An exact, line-by-line copy is needed, beginning at the line with "Captain America with" and ending at the last line of the listing below.

**Raw data:**
------------------------------

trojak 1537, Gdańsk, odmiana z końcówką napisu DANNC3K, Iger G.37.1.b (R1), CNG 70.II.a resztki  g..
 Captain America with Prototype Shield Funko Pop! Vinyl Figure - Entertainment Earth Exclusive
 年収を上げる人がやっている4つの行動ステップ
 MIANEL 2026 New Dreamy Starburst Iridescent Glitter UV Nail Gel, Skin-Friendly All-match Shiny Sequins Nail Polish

------------------------------

**Exercise response:**
 Captain America with Prototype Shield Funko Pop! Vinyl Figure - Entertainment Earth Exclusive
 年収を上げる人がやっている4つの行動ステップ
 MIANEL 2026 New Dreamy Starburst Iridescent Glitter UV Nail Gel, Skin-Friendly All-match Shiny Sequins Nail Polish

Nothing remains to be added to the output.